Clergy Roar like Lions

"Your wooden arm you hold outstretched to shake with passers-by." Caroline Healey Dall (1822-1912) was a transcendentalist...

"Your wooden arm you hold outstretched to shake with passers-by."

Caroline Healey Dall (1822-1912) was a transcendentalist, early feminist, reformer, and sometime attendee at Harvard Commencements. Her diary was published last fall: Daughter of Boston: The Extraordinary Diary of a Nineteenth-century Woman, edited by Helen R. Deese, the Dall editor for the Massachusetts Historical Society. Here’s Deese on Dall commenting (on Thursday, July 18, 1861) on alumni Unitarians at dinner.

“On a more somber occasion, the commencement that took place a few months after the beginning of the Civil War, Dall’s journal recorded in the form of a letter to her sister a debate over the goal of the war among the Unitarian clergy who had gathered for the annual Divinity School visitation: should the war’s purpose be to preserve the union, or to end slavery?” [She wrote:]

You know Harvard College has always held a very important position in relation to the politics of the country. In the Revolution, a Commencement dinner was as important as a meeting held in Queen St. I could not bear not to be there…After the services, all the alumni—old & young, go to Harvard Hall to dinner, & here took place a debate which will be remembered as long as any of them live. My dear friend, William H. Channing has just returned from England—and they called upon him to explain the position of England to this country. Mr Channing…urged…that we could never have the hearty sympathy of any European nation, unless we made this a war for freedom. Dr Osgood of New York replied insisting that it should be no such thing—that good faith to our own people required that the old compromise should be restored, He was spiteful and bitter against the Abolitionists, and declaimed like a fool against the mother country. This brought Dr Hedge to his feet, who declared that if this did not prove a war of emancipation, we should be eternally disgraced in the eyes of the world. That every inch the sword cleared should be cleared for freedom, that he would not raise a dollar for the soldier if he did not believe it &c &c. He was highly excited & made a terrific appeal. Then up sprang Geo. Ellis, all his face deformed with rage. He hoped there were no reporters present, to report the extremely injudicious words of his learned brother. Like a parched pea—sprang Dr Hedge to his feet. “God willing there may be any number here; what I have said now, I will say forever & in the face of the whole world—” & so it went on—…Dr Stebbens of Woburn…roared out all he had to say —like a lion. He said he told the troops that went from Woburn, not to leave a slave on any soil they touched & not to serve under any man, who talked about returning a fugitive. If he thought the war would create no change, he would begin to preach treason, tomorrow.… [In a sign of the exciting times, Dall added, the guest list for dinner included abolitionist William Lloyd Garrison.]

 

Radcliffe Cooler
Photograph by Stu Rosner

Fizzy, not too sweet. The Faculty Club has published A Proper Welcome, a lighthearted history of the club by its director, June Cuomo, complete with recipes for food and drink. In the latter category, the “Harvard Yard” is forcefully to the point: 4 ounces of Tanqueray No. 10 gin, stirred with ice, then served in a martini glass with a twist. The “Radcliffe Cooler” is more subtle: Crush 10 fresh raspberries and add 4 ounces lemon vodka and 1 ounce crème de framboise; chill until needed. To a pitcher filled with ice cubes, add 1 cup freshly squeezed grapefruit juice, 1 cup sparkling rosé, and the vodka-raspberry mix. Shake, strain, and serve in large martini glasses, garnishing each drink with raspberries and a swirl of grapefruit rind. For four.

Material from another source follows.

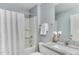 The bathroom features a shower with white tile and a vanity with granite countertop at 1019 Tranquil Crk Way, Wake Forest, NC 27587
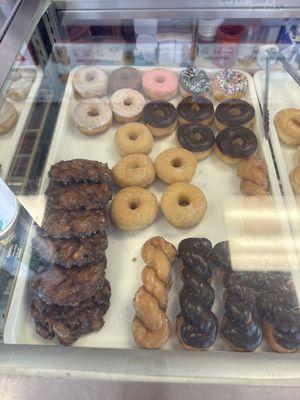 Apple fritter, twist and iced donuts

Other culinary matter: A dinner roll half eaten on March 14 at Dunster House by then-president Lawrence H. Summers was auctioned March 21 on e-Bay by Jonathan P. Hay ’06. It fetched $12.50.

Bodily changes. From an essay by Frederik C. Hansen, of Baltimore, in Fifty Years Out: Physicians Reflect on Our Times, a just-published collection by members of the Medical School class of 1953: “As I was growing up I was constantly amazed by the changes that were occurring in my body, and I generally looked with pleasant anticipation for what was coming next. Now as a superannuated adult who is growing down, the changes in my body are still quite interesting but the sense of pleasant anticipation is greatly diminished.”